Keeping Dokku-deployed apps secure

UPDATE 2015-04-03: As it turns out, I was not successfully updating the base Ubuntu image for my app. That aspect of this post has been revised.

I've been doing some playing around with Dokku recently to deploy a private app I've been working on. Despite the fact that it's a bit nitpicky to set up, it's a really great deployment platform. If you're willing to spend a little bit of time setting it up, it's worth it.

However, one thing that's sorely missing from the Dokku docs is the maintenance of the server, specifically how to keep up to date with security issues. With Heartbleed, Shellshock, POODLE, GHOST, and others over the last year, I care a lot about that.

What I've discovered is that there are three levels you need to monitor: your app, the base OS, and your containers.

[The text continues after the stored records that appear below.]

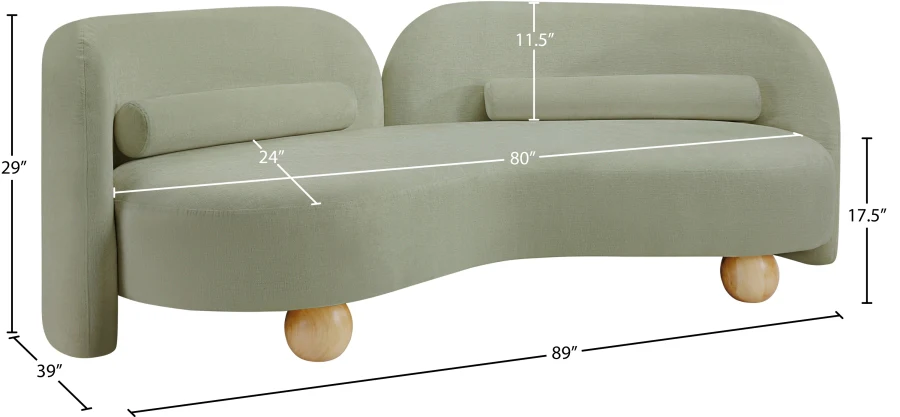 Product image 86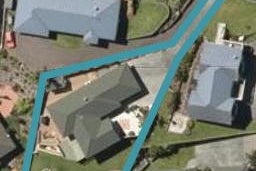 15 Lester Heights Drive, Woodhill, Whangarei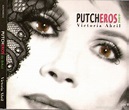 putcheros do brasil - victoria abril - cd album - Comprar CDs de Música ...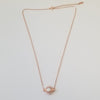 Celeste Necklace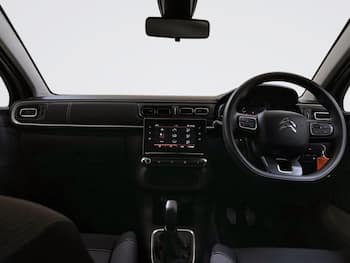 Used Citroen C3 2023 for sale - 79752076: Photo
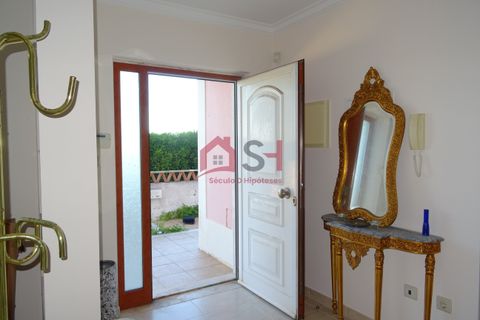 Byhus i Mafra, Lisbon, Mafra - € 450.000 | Ref: SH180 - foto 17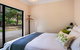 Bellara Your Home Among The Gum Trees! - thumb 1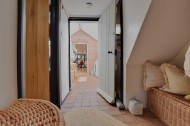 Images for Robinsbridge Road, Coggeshall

First, and most obvious, is your app. I'm working on a Rails app, and so a regular gem update; git commit -am 'Update Gemfile' is a necessary maintenance step. What I haven't found yet (if this exists let me know) is something that notifies you when any dependencies in your Gemfile have an available update. If this doesn't exist, you'll get Kudos from me if you build it. If you don't I'll get to it eventually.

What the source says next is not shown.